It shows a client side resource containing JSON being populated by a web service located on the intranet (Note the Caused by: java.net.SocketException: SocketException invoking http://10.153.199.69:8663/ChallengeQuestionsService) showing an IP address that is reserved for internal network usage and that the server at that address (or servers behind a load balancer) were overwhelmed causing the frontend to stop working.

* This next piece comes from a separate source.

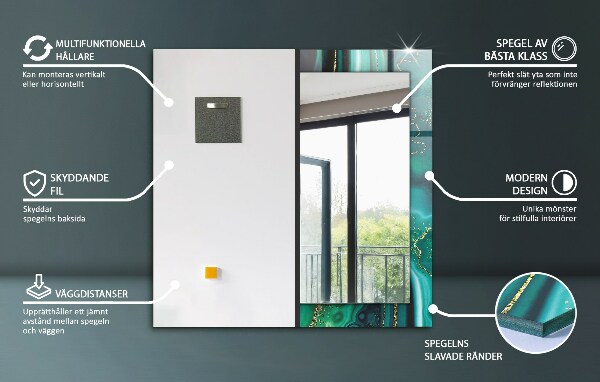 Dekorativno ogledalo Rjasta kovinska površina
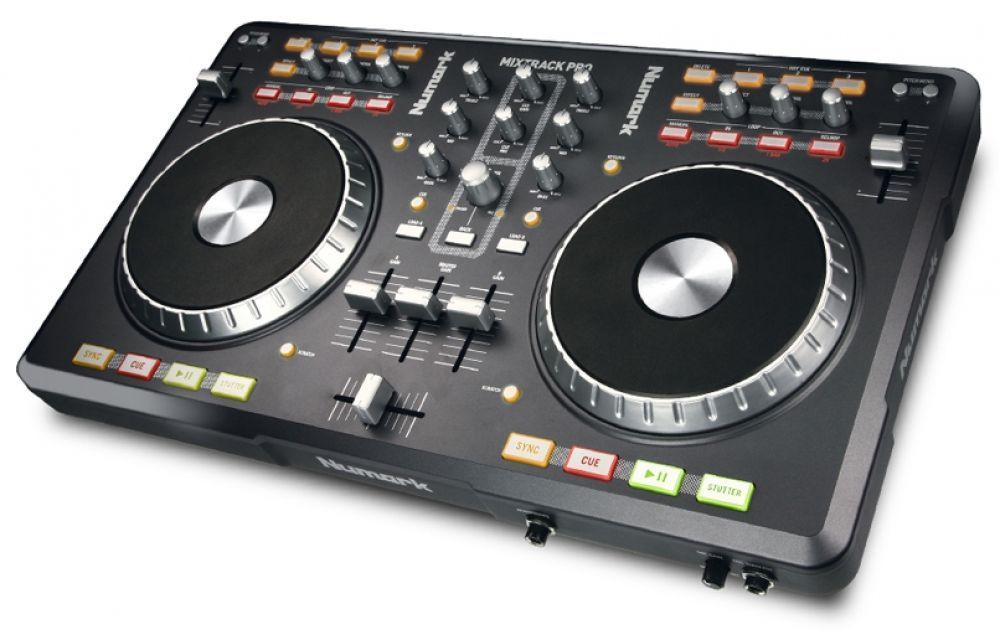 Numark Mixtrack Pro DJ Controller w Crane Stand Basic White Laptop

My expectation is that these security questions aren't going to change much, if at all, so there is no reason for this web service to be called frequently. Seeing as this failed regularly and I wasn't the only one using the site, obviously these results weren't being cached. There was one resource loaded in a similar way at https://www.healthcare.gov/ee-rest/ffe/en_US/MyAccountEIDMUnsecuredIntegration/fetchEIDMValidations/ffm which just loads regular expressions. Again, why this needs to be loaded in this way is unclear. Since the create account form is the only part people seemed to be able to get through and that these were the only requests that might have been called the backend system (from what I can see as a frontend user). It seems crazy that this could bring the entire system down, but it might just be the case. With basic caching this would have been avoidable. Without caching, this application should have never been let out the door.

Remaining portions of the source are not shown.